--- The data ---
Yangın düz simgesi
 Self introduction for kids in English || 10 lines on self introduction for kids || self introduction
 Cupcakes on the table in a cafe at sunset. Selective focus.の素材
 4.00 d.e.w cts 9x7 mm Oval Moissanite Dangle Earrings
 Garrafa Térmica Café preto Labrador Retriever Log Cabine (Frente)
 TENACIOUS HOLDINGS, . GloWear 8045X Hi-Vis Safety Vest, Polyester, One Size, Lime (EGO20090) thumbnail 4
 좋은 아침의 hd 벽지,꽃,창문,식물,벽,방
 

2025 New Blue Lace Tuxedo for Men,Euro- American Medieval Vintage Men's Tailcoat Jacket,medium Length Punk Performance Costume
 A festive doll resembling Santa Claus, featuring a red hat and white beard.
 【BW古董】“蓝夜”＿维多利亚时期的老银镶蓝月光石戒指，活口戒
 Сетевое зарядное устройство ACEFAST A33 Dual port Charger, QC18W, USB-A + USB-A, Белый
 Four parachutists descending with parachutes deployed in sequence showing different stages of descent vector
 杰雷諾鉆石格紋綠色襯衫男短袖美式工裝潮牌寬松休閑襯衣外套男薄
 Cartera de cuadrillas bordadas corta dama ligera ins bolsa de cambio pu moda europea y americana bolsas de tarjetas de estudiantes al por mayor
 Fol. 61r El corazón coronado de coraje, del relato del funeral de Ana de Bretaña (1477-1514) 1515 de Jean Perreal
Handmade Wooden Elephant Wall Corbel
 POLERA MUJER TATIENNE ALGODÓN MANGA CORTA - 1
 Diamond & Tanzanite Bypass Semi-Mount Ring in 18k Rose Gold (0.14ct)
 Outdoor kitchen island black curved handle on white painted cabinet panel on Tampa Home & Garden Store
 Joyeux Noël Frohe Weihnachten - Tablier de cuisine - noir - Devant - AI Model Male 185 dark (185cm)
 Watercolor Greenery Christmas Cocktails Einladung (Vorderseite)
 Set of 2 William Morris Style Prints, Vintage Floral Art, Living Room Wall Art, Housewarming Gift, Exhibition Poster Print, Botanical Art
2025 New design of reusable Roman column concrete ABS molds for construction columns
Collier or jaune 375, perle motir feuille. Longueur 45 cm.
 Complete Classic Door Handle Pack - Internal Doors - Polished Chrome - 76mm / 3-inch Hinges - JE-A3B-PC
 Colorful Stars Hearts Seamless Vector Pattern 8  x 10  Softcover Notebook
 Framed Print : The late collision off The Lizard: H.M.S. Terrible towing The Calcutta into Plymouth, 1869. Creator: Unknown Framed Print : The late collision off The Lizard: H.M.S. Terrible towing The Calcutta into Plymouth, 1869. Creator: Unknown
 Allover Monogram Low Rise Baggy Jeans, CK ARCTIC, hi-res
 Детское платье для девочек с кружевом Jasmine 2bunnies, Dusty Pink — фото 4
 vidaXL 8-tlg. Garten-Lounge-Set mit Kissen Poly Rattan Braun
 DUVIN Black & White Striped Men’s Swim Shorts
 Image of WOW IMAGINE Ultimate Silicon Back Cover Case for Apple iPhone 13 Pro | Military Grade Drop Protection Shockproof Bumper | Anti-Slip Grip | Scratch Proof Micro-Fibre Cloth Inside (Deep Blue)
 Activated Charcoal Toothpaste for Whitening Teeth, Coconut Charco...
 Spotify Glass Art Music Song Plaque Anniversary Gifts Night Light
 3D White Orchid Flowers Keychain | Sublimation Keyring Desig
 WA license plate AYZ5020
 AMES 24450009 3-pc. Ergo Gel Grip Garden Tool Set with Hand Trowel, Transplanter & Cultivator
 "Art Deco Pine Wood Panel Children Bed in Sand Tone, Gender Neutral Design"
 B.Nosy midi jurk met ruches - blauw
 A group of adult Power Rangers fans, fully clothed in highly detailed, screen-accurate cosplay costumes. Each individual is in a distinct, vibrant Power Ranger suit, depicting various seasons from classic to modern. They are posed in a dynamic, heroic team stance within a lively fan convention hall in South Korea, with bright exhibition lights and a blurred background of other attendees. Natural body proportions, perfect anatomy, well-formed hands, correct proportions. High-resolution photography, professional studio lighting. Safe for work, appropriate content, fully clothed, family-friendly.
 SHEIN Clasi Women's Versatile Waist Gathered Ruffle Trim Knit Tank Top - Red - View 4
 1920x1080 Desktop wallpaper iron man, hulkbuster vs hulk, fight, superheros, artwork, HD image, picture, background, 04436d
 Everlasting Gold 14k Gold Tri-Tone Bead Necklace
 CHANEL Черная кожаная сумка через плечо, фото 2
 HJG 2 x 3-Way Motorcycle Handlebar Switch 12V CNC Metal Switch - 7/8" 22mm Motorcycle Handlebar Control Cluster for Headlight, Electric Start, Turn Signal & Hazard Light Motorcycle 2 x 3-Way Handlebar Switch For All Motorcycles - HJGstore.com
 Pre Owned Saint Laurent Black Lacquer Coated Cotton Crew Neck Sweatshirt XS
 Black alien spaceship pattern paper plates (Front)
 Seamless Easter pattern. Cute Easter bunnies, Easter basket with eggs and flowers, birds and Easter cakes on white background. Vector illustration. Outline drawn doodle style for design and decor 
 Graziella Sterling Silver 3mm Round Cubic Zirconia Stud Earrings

--- Exercise instructions ---
Beginning at the line with "vidaXL 8-tlg. Garten-Lounge-Set" and stopping after the line with "B.Nosy midi jurk met ruches - blauw", please write out every line of the data above exactly and nothing else.

--- Answer space ---
 vidaXL 8-tlg. Garten-Lounge-Set mit Kissen Poly Rattan Braun
 DUVIN Black & White Striped Men’s Swim Shorts
 Image of WOW IMAGINE Ultimate Silicon Back Cover Case for Apple iPhone 13 Pro | Military Grade Drop Protection Shockproof Bumper | Anti-Slip Grip | Scratch Proof Micro-Fibre Cloth Inside (Deep Blue)
 Activated Charcoal Toothpaste for Whitening Teeth, Coconut Charco...
 Spotify Glass Art Music Song Plaque Anniversary Gifts Night Light
 3D White Orchid Flowers Keychain | Sublimation Keyring Desig
 WA license plate AYZ5020
 AMES 24450009 3-pc. Ergo Gel Grip Garden Tool Set with Hand Trowel, Transplanter & Cultivator
 "Art Deco Pine Wood Panel Children Bed in Sand Tone, Gender Neutral Design"
 B.Nosy midi jurk met ruches - blauw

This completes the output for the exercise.